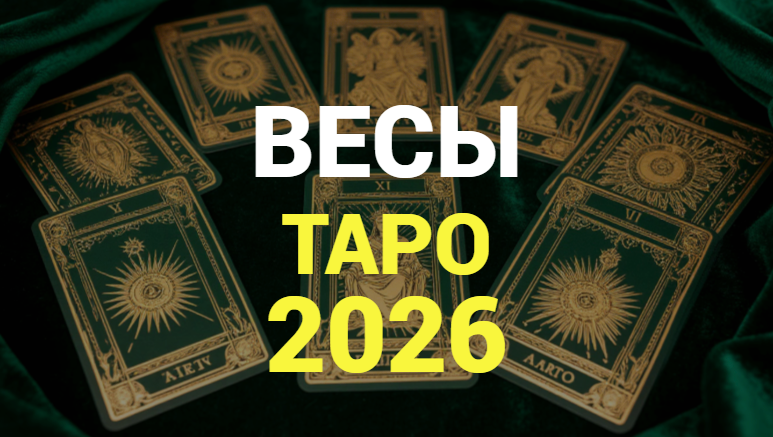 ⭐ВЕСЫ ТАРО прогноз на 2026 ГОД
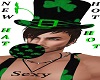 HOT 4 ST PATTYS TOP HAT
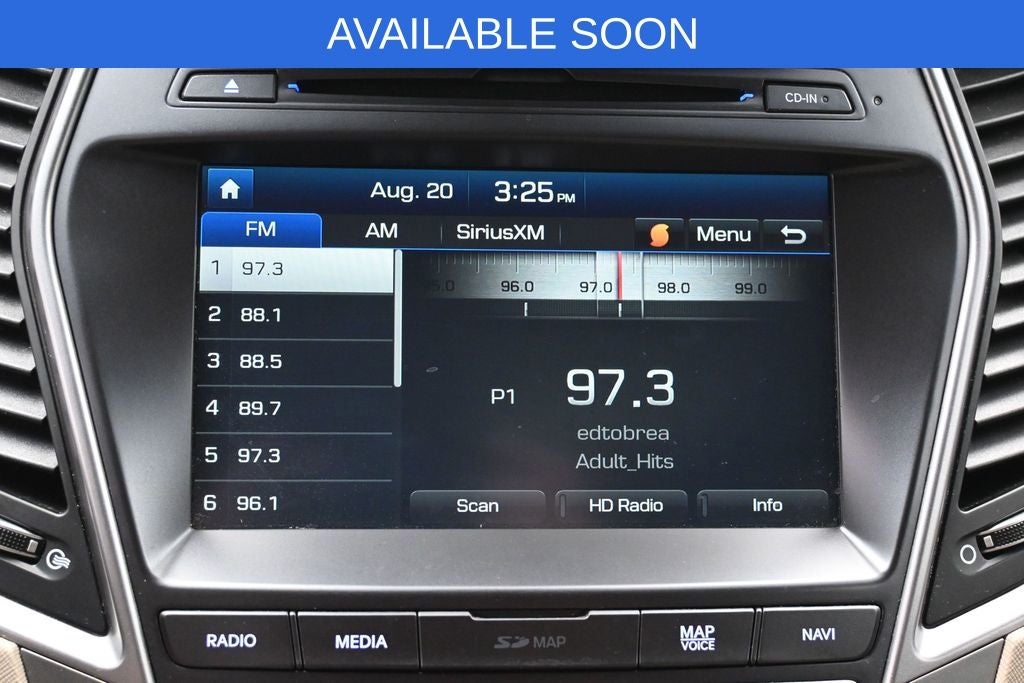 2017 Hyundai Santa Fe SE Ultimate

- Exercise aim -
What's needed is a word-for-word retyping of the listing, minus its pictures.

- Response -
 ⭐ВЕСЫ ТАРО прогноз на 2026 ГОД
 HOT 4 ST PATTYS TOP HAT
 2017 Hyundai Santa Fe SE Ultimate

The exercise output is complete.